Mouse immune (IFN-.gamma.)2 and virus-type (IFN-.alpha./.beta.) interferons were used separately and in combination in cloning studies with B-16 melanoma cells. IFN-.gamma. was a more potent mediator of the direct anticellular effect of interferon than was IFN-.alpha./.beta., as shown not only by a greater sensitivity of B-16 cells to IFN-.gamma. but also by a steeper slope of the anticellular sensitivity curve of the IFN-.gamma.. The differences in the slopes of the curves defining their anticellular effect appeared to be inherent in the interferons themselves and not due to an inhibitor of interferon, a stimulator of cell growth, or another factor possesing anticellular activity. The results are consistent with the interpretation that IFN-.gamma. and IFN-.alpha./.beta. exert their anticellular effects by different mechanisms.
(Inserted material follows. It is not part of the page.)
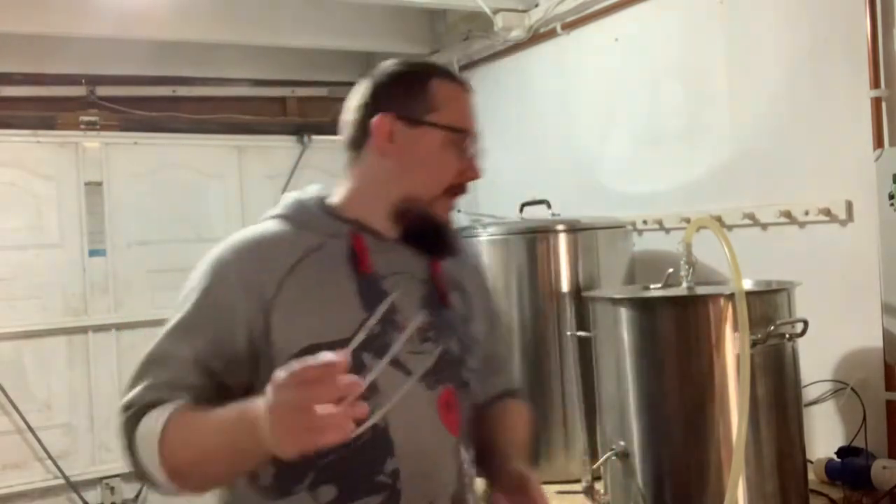Hey guys, I thought I'd give you a bit of a tour of the brew — what's new, what's not. Those of you that have seen the videos will see the differences straight away, but otherwise let's just give you a little bit of a show.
The anticellular activity of interferon against B-16 melanoma replication unit development was potentiated by mixed preparations of IFN-.gamma. and IFN-.alpha./.beta.. The potentiation appeared to be an expression of a property of the interferons themselves. Replication units resistant to the potentiated activity of the interferons were not detected. Potentiation levels were dependent on the concentrations of both IFN-.gamma. and IFN-.alpha./.beta. and continued to increase dramatically as the interferon concentrations increased. Maximum potentiation observed was 214-fold at the highest interferon concentrations used. Potentiation may be a mutual, synergistic interaction of IFN-.gamma. and IFN-.alpha./.beta.